• Task prompt: Output the full listing exactly as written, with no pictures in it.

"""

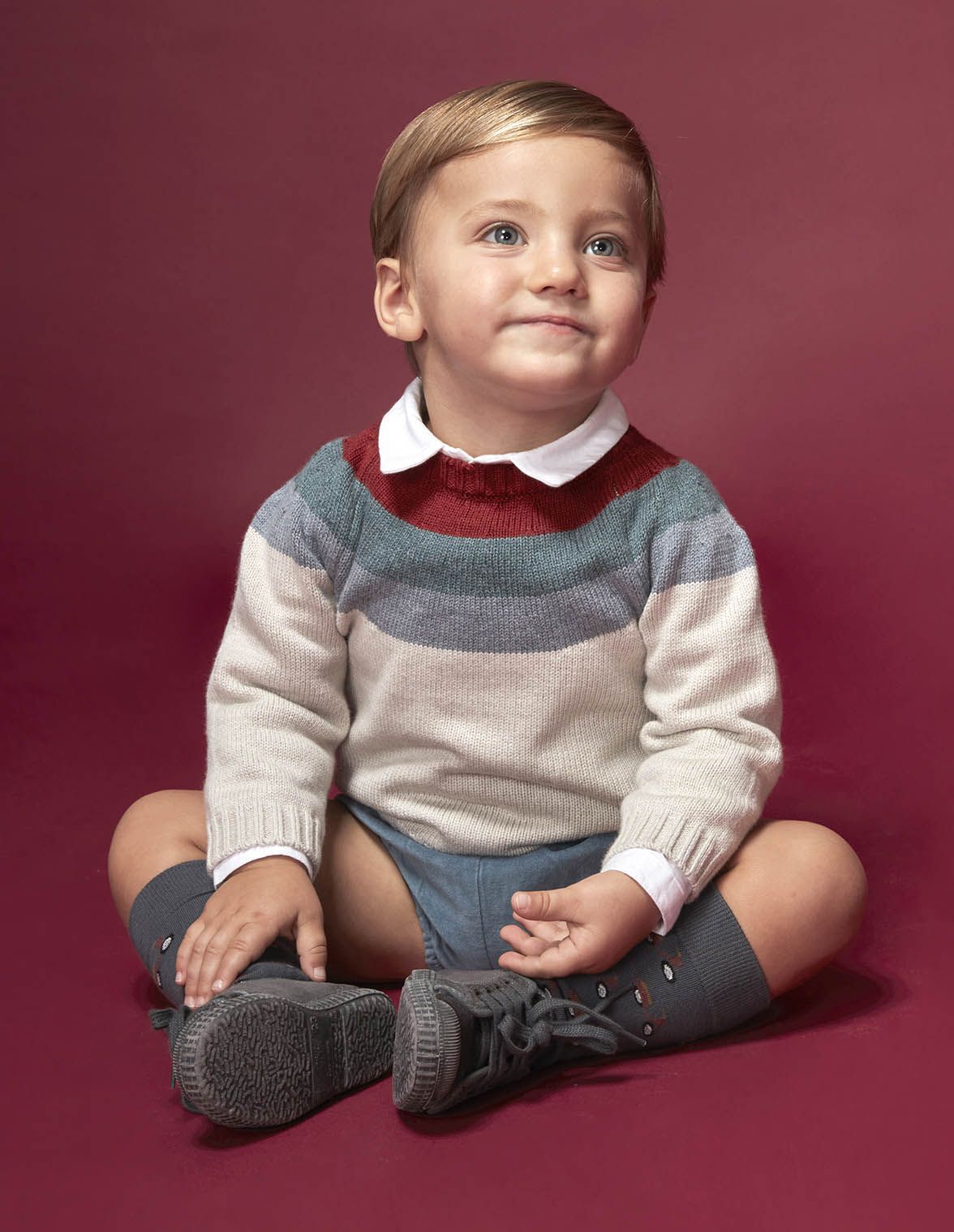 Jersey greca piedra para nino bebe Gocco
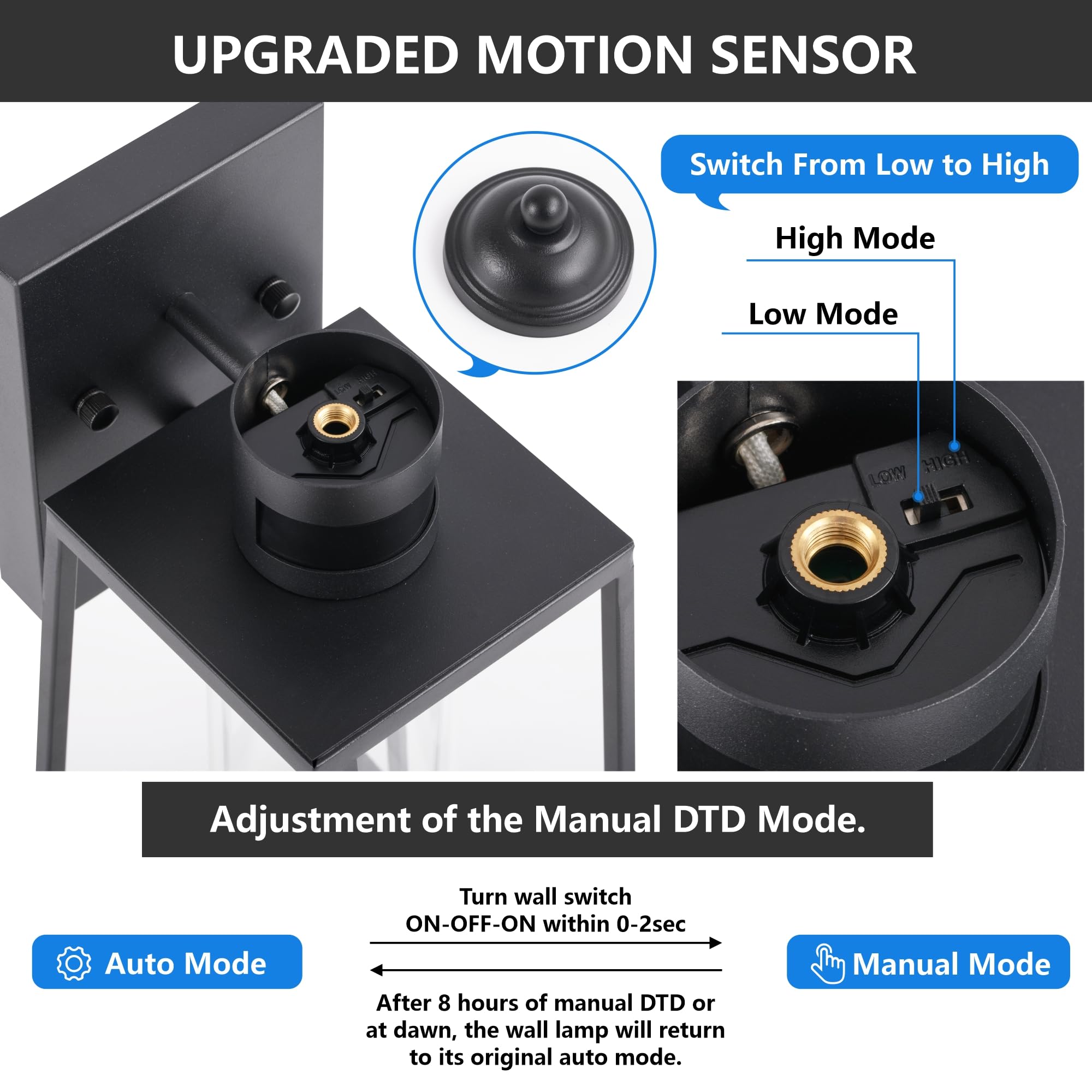 DAKAFUL Motion Sensor Outdoor Wall Lights, Large 2-Pack, Dusk to Dawn LED Sconces, Black, Model BLE26-1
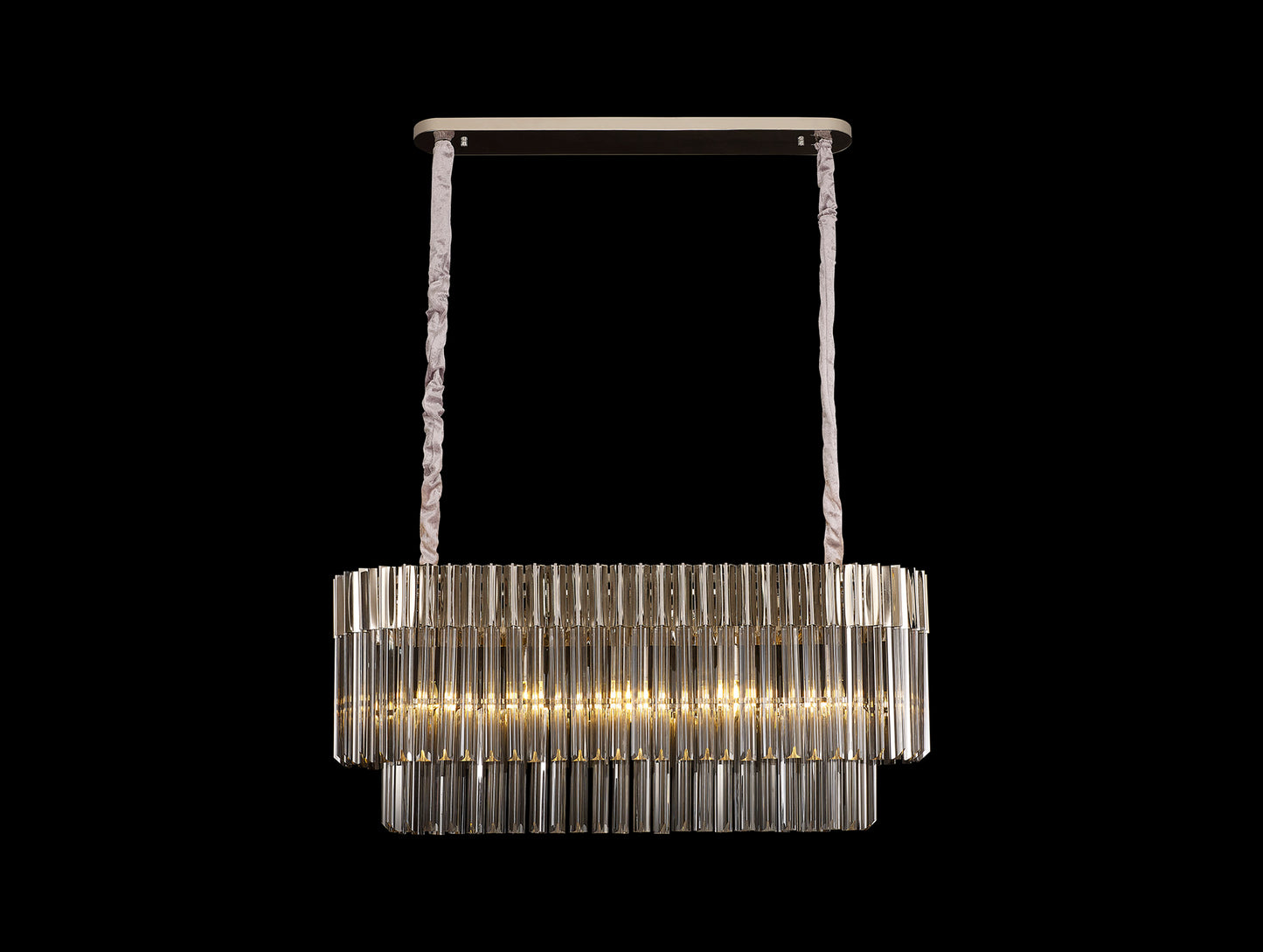 Kiera 100 x 32cm Pendant Rectangle 5 Light E14, Polished Nickel / Smoke Sculpted Glass, Item Weight: 21kg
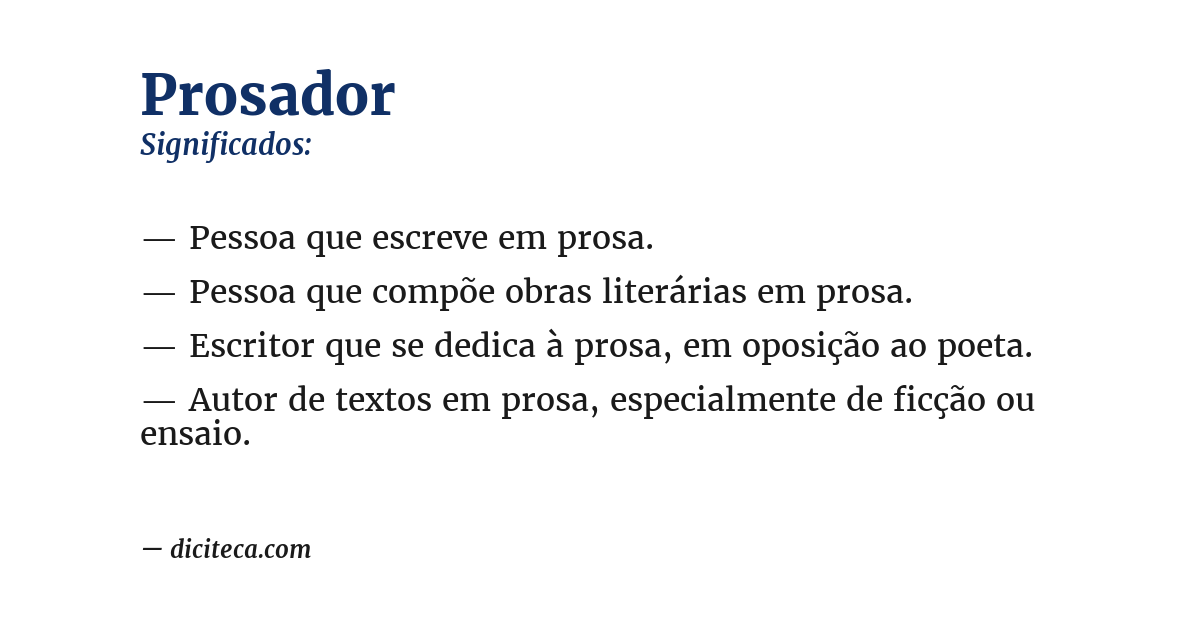 Significado de prosador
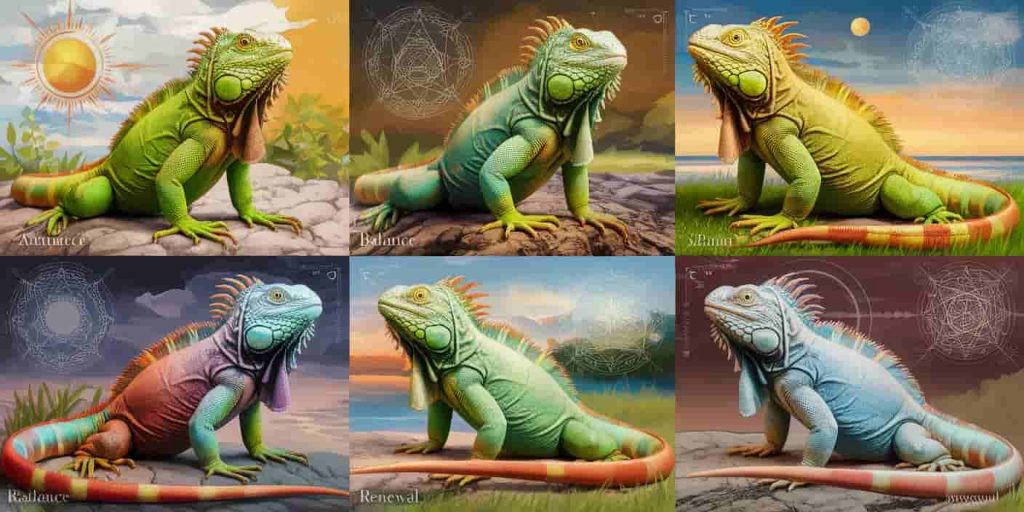 Collage of iguanas in different poses representing patience, adaptability, balance, and renewal, with subtle spiritual symbols in the background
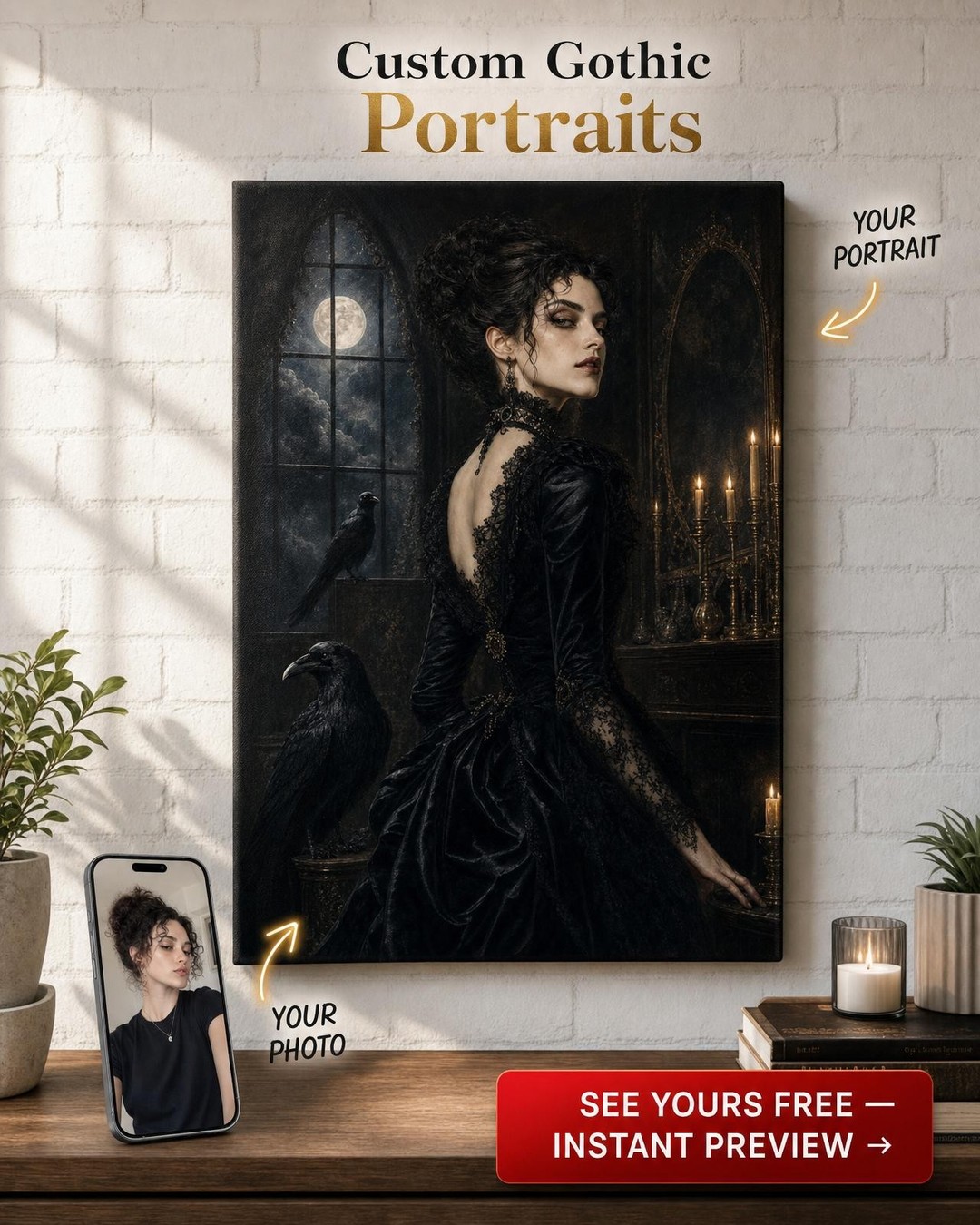 Victorian Vampire Custom Portrait from Photo | Personalized Canvas Gift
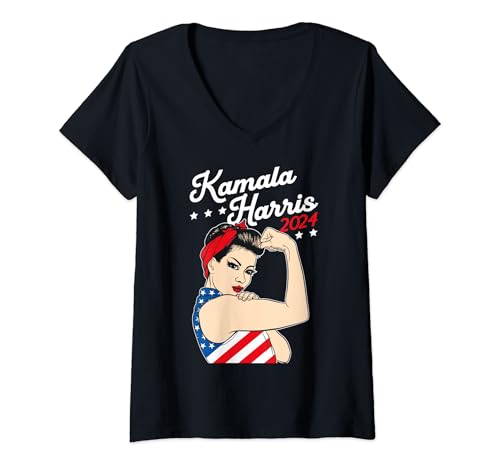 Womens Kamala Harris 2024 President America Election Vote Women V-Neck T-Shirt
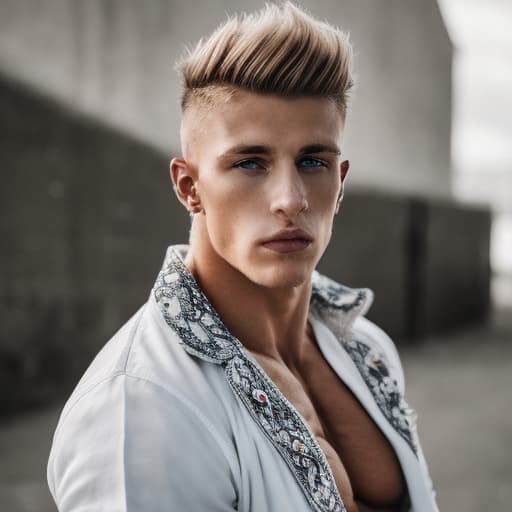 portrait+ style russian ifbb queer blonde very cute dude face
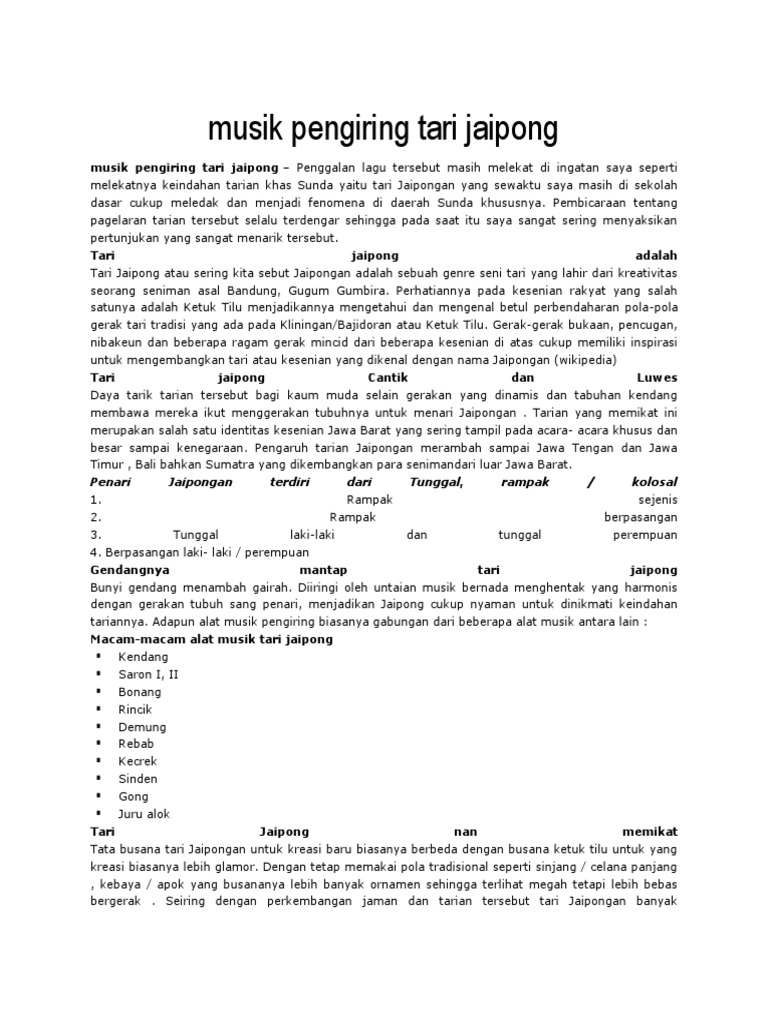 Musik Pengiring Tari Jaipong Pdf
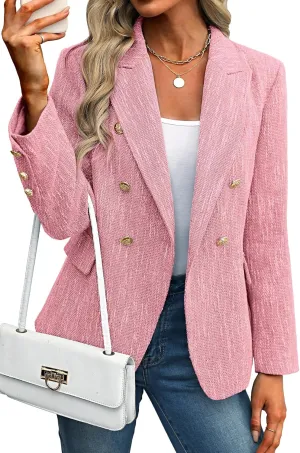 ELLEVEN Women's Tweed Blazers Business Casual - Long Sleeve Double Breasted Jackets Open Front Work Suits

"""

• Expected output:
 Jersey greca piedra para nino bebe Gocco
 DAKAFUL Motion Sensor Outdoor Wall Lights, Large 2-Pack, Dusk to Dawn LED Sconces, Black, Model BLE26-1
 Kiera 100 x 32cm Pendant Rectangle 5 Light E14, Polished Nickel / Smoke Sculpted Glass, Item Weight: 21kg
 Significado de prosador
 Collage of iguanas in different poses representing patience, adaptability, balance, and renewal, with subtle spiritual symbols in the background
 Victorian Vampire Custom Portrait from Photo | Personalized Canvas Gift
 Womens Kamala Harris 2024 President America Election Vote Women V-Neck T-Shirt
 portrait+ style russian ifbb queer blonde very cute dude face
 Musik Pengiring Tari Jaipong Pdf
 ELLEVEN Women's Tweed Blazers Business Casual - Long Sleeve Double Breasted Jackets Open Front Work Suits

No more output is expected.